▶ _ASSIGNMENT_: Here the job is to transcribe the data verbatim while leaving each picture out.

SUPPLIED DATA: Begin

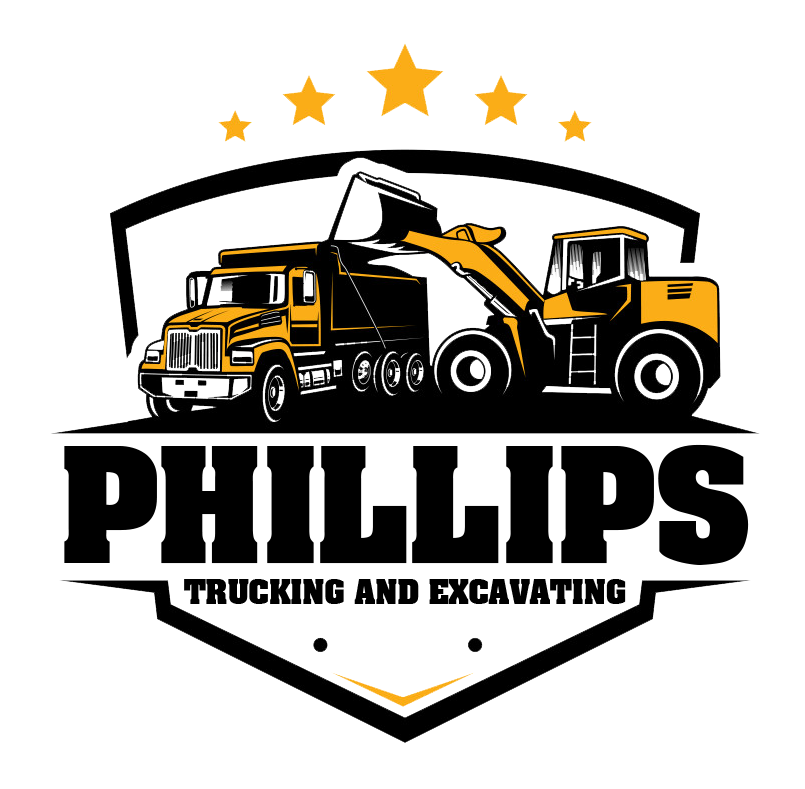 It is a logo for Phillips Trucking and Excavating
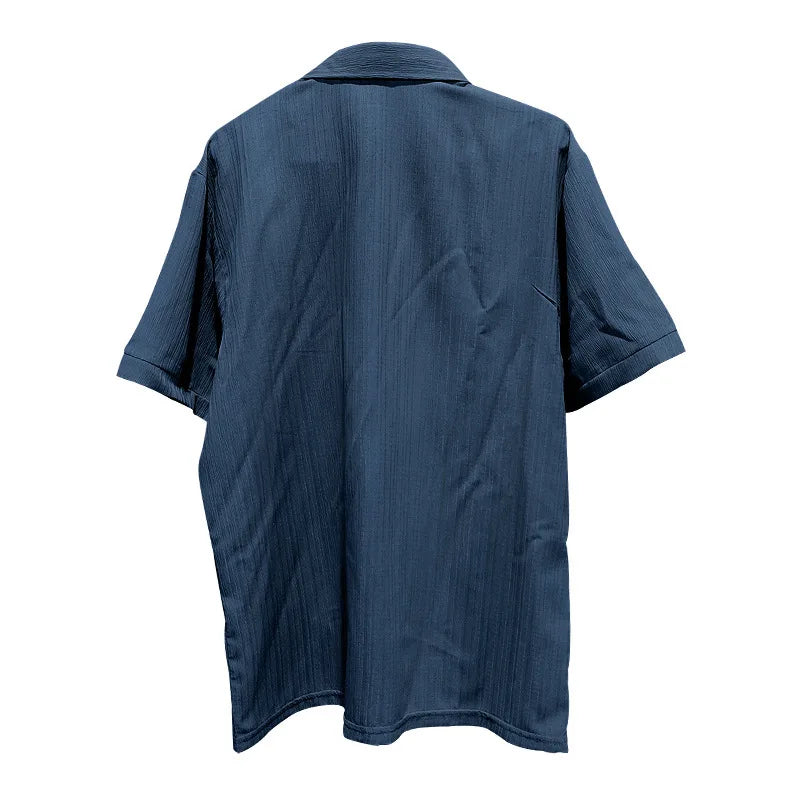 Summer European and American Style Men's Clothing Short Sleeve Cardigan Suit Men's Casual Loose Short Sleeves Shorts Beach Suit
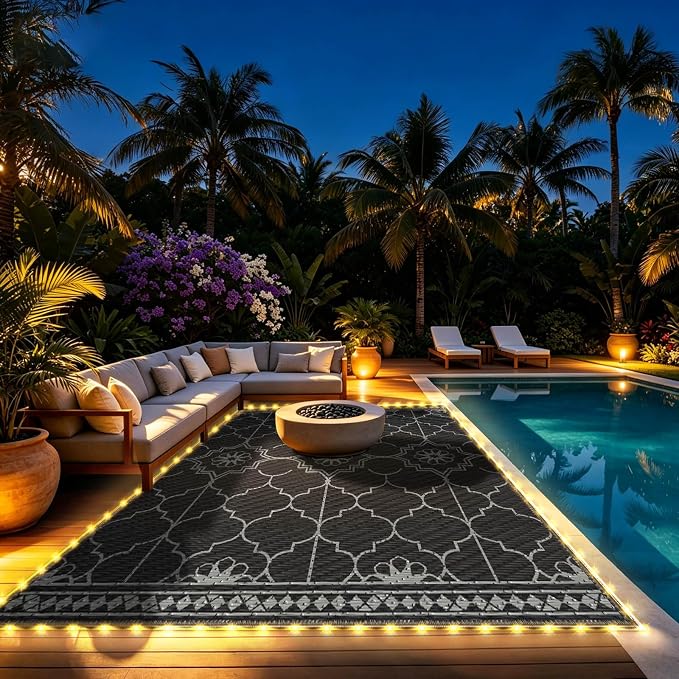 8x10Ft Outdoor Rug, Solar Powered Outdoor Rug with 113LEDs Strip Lights for House Deck, Waterproof Plastic Reversible Outdoor Straw Rugs, Rugs RV Camping Patio Courtyard Beach Picnic(Black Gray)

SUPPLIED DATA: End

▶ _ANSWER SECTION_:
 It is a logo for Phillips Trucking and Excavating
 Summer European and American Style Men's Clothing Short Sleeve Cardigan Suit Men's Casual Loose Short Sleeves Shorts Beach Suit
 8x10Ft Outdoor Rug, Solar Powered Outdoor Rug with 113LEDs Strip Lights for House Deck, Waterproof Plastic Reversible Outdoor Straw Rugs, Rugs RV Camping Patio Courtyard Beach Picnic(Black Gray)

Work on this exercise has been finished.